A Europa da Defesa
A União Europeia prepara-se para alterar as regras aplicáveis aos fundos de coesão, de maneira a permitir que os Estados-membros tenham mais flexibilidade para utilizar estas verbas para investirem na Defesa. Os fundos de coesão representam cerca de um terço do orçamento comunitário, num total de 392 mil milhões de euros entre 2021 e 2027. Segundo o Financial Times, que ontem avançou a notícia, estas alterações vão permitir que todos os anos várias dezenas de milhar de milhões de euros sejam investidos na Indústria de Defesa e em projetos de infraestruturas relacionados com esta área, como por exemplo a construção de estradas e pontes que permitam a passagem de divisões blindadas (um investimento que é considerado urgente em países como a Alemanha).
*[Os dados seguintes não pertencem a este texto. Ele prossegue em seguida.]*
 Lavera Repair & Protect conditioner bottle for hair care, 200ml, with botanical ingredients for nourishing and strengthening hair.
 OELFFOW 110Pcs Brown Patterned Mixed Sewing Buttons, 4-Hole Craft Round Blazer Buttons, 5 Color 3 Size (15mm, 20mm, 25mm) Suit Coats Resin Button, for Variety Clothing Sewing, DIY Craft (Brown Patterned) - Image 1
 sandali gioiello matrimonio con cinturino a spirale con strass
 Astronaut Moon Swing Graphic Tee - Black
Os fundos não poderão ser utilizados para a compra de armamento, mas os Estados podem investir na produção de armas e munições.
Este passo constitui, obviamente, uma resposta à vitória de Donald J. Trump nas Eleições Presidenciais. É sabido que Trump disse, não há muito tempo, que deixaria a Rússia “fazer o que quisesse” com os Aliados que não paguem as suas contribuições para a NATO. Haverá, provavelmente, muito exagero nas palavras de Trump, que quererá sobretudo reduzir a fatura suportada pelos EUA e, ao mesmo tempo, vender mais armamento aos Aliados europeus. Mas estas palavras do empresário que acaba de ser eleito novamente presidente dos Estados Unidos não podem deixar de servir de alerta para os europeus. Caso contrário, corremos o risco de, como disse Enrico Letta, termos um dia de “escolher entre sermos uma colónia dos chineses ou dos americanos”.
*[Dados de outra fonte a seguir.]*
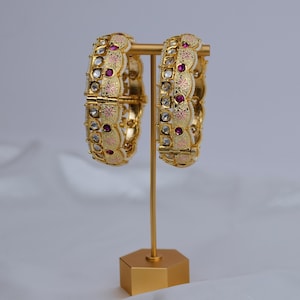 Pastel Meenakari Tyaani Kundan Kada Bangles/Enamel Kundan Kada/Kemp Stone Kada/Indian Wedding Jewelry/Meenakari Kada Bangles/Tyaani Kundan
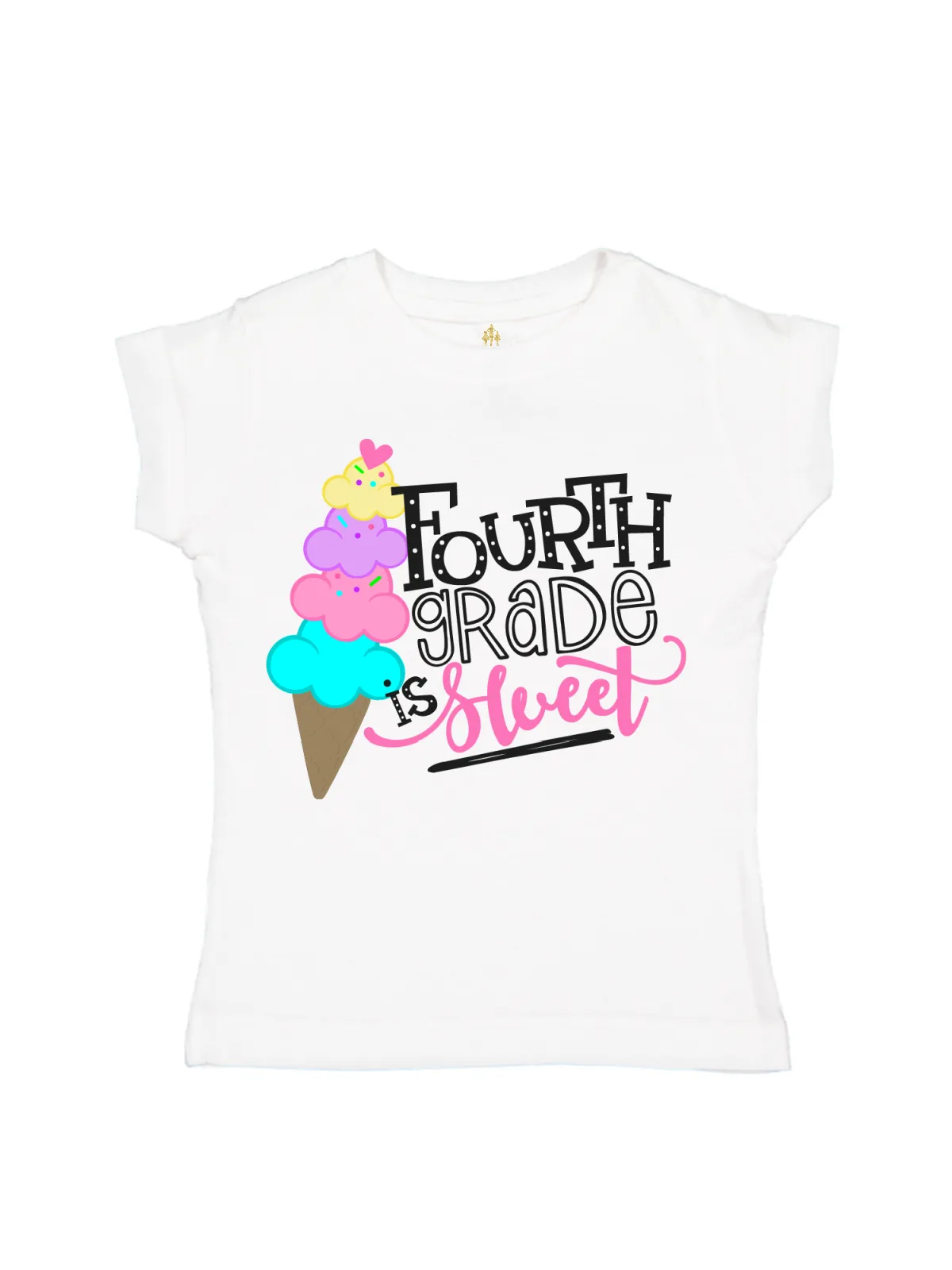 Fourth Grade is Sweet Girls Shirt - White, Black, Pink, & Blue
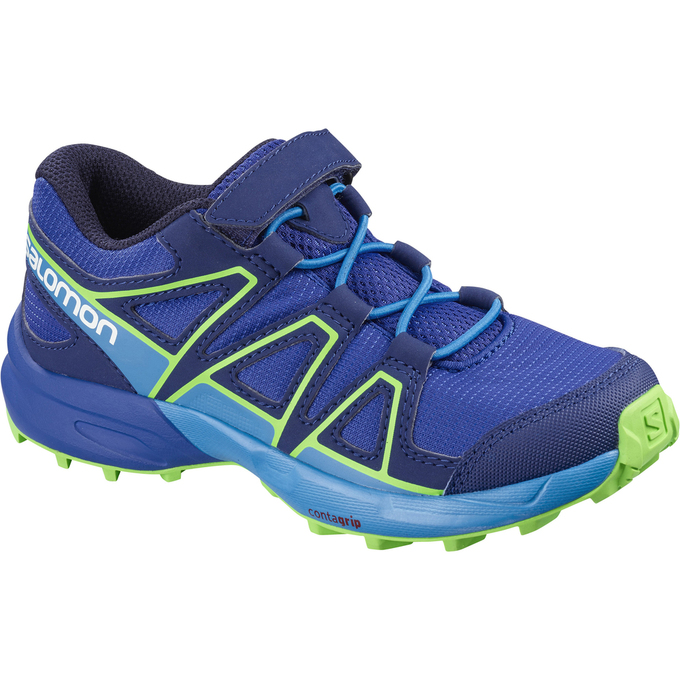 Kids\' Salomon SPEEDCROSS BUNGEE K Trail Running Shoes Deep Blue | US-BUIY730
Aqui chegados, a primeira pergunta a que os líderes europeus deveriam tentar responder é simples: quais são os interesses estratégicos dos países que integram a União Europeia? E depois agir em conformidade. Sem essa reflexão estratégica, sobre onde estamos e onde queremos chegar - que os EUA, a Rússia e a China já fizeram há muito -, a Europa não sairá do pântano em que se encontra e os anúncios de mais fundos para isto e para aquilo não servirão de muito.
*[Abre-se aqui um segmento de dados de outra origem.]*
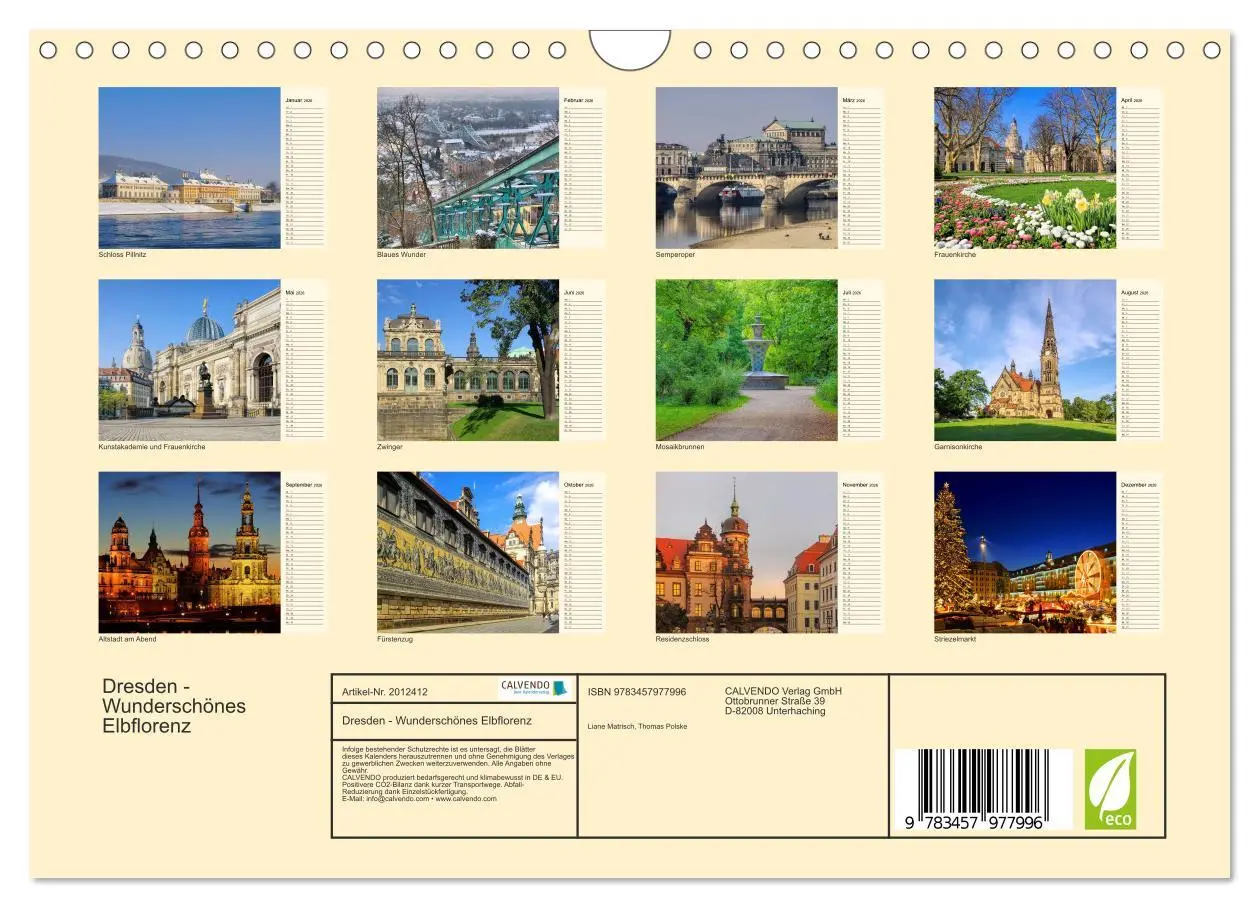 Bild: 9783457977996 | Dresden - Wunderschönes Elbflorenz (Wandkalender 2026 DIN A4 quer),...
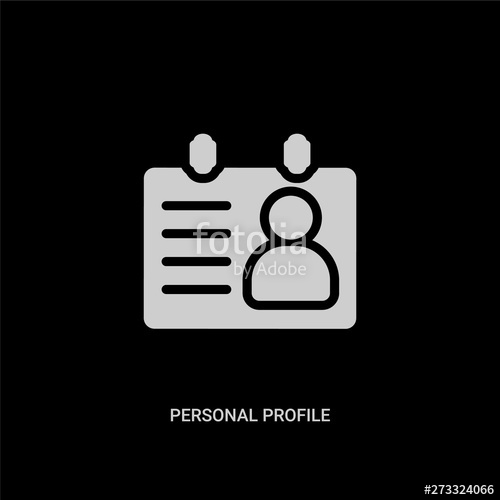 500x500 White Personal Profile Vector Icon On Black Background Modern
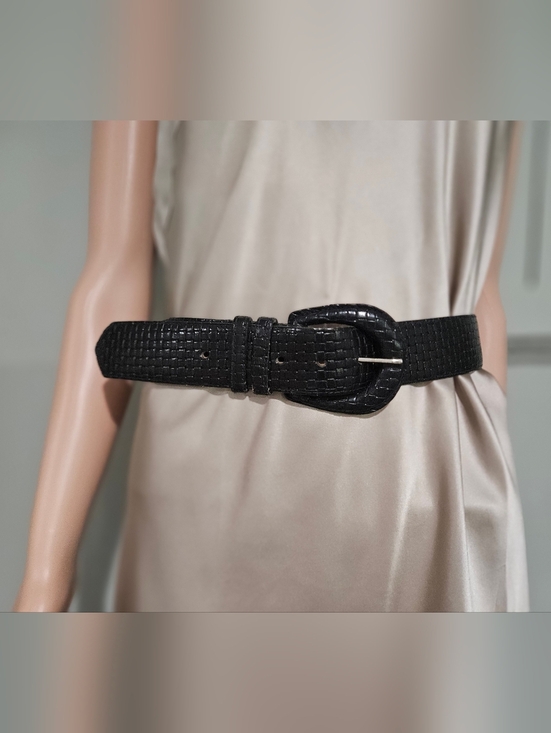 Ports International Italian Leather Belt – Black Embossed Statement Belt.Medium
Um barco sem rumo está destinado a naufragar. Qual é, afinal, o nosso interesse comum? Ter fronteiras seguras a sul e a leste, ou ser um peão num jogo de xadrez jogado por terceiros? Garantir o acesso a fontes de energia seguras, baratas e sustentáveis? Travar a crise migratória? Manter a liberdade de navegação no Atlântico, no Mediterrâneo e no Mar Vermelho, de modo a garantir a segurança do comércio mundial, que é fundamental para o nosso modelo económico?
Para tudo isto precisamos de uma verdadeira Indústria de Defesa à escala europeia, apoiada por políticas públicas que defendam os interesses europeus nesta área, sem vergonha de parecermos protecionistas, pouco “modernos” ou mesmo iliberais. E por que não, se todos os outros blocos fazem o mesmo? Esperemos que a vitória de Trump sirva para a Europa despertar finalmente do seu longo sono e que, sem renegar a Aliança Transatlântica, saibamos garantir a nossa própria segurança.